• [WHAT IS NEEDED]: All of the data should be reproduced word for word, though its pictures must be omitted.

• [COLLECTED MATERIAL]:
:::

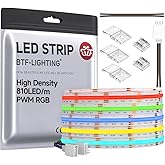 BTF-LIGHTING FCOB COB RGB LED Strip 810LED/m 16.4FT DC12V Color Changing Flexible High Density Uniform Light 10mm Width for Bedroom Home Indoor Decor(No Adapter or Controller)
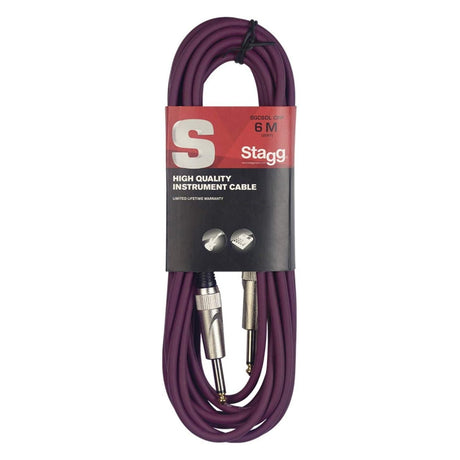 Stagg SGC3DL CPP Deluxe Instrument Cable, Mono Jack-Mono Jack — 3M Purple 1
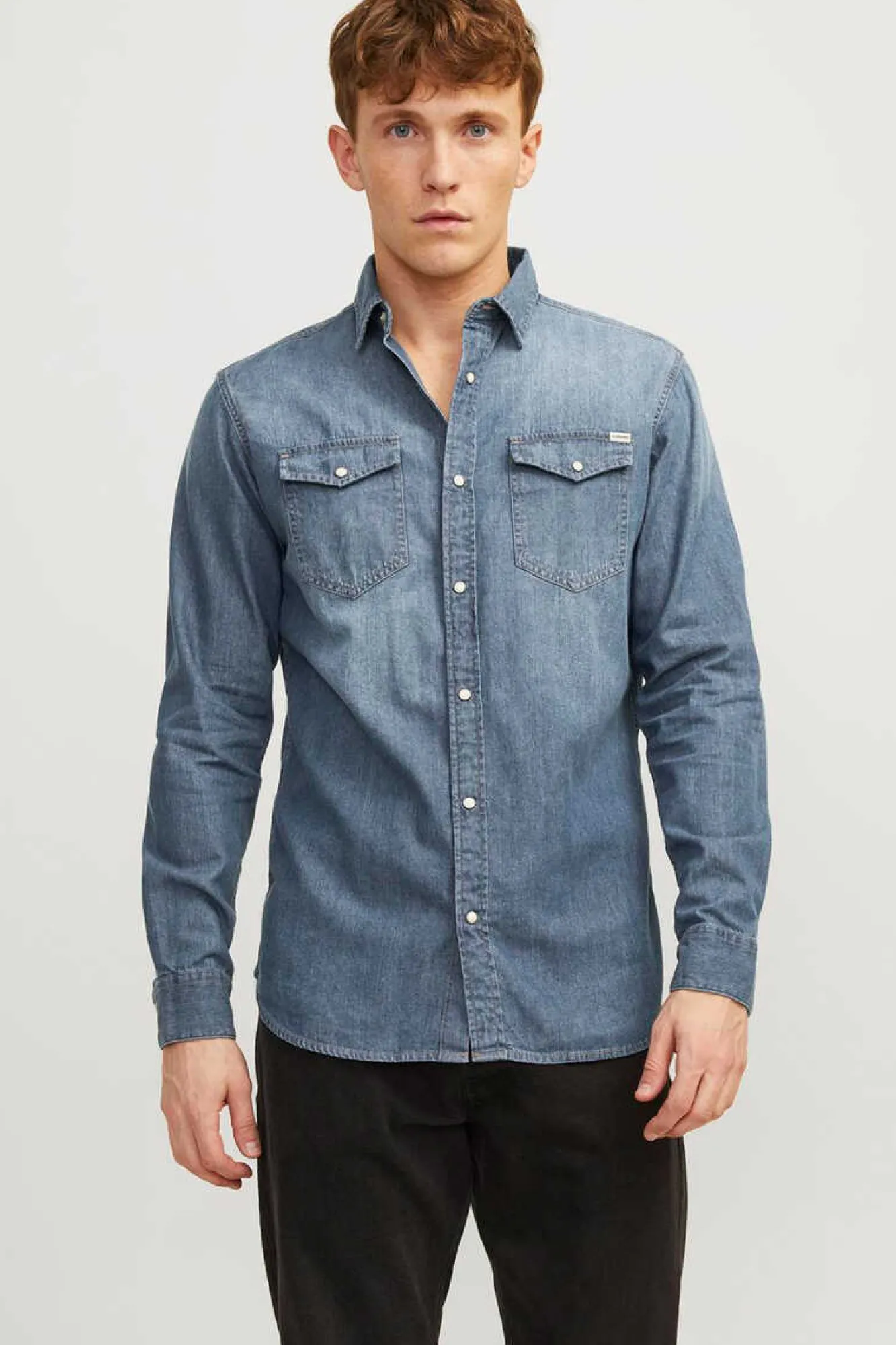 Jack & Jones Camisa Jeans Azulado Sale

:::

• [RESULT FOR THIS EXERCISE]:
 BTF-LIGHTING FCOB COB RGB LED Strip 810LED/m 16.4FT DC12V Color Changing Flexible High Density Uniform Light 10mm Width for Bedroom Home Indoor Decor(No Adapter or Controller)
 Stagg SGC3DL CPP Deluxe Instrument Cable, Mono Jack-Mono Jack — 3M Purple 1
 Jack & Jones Camisa Jeans Azulado Sale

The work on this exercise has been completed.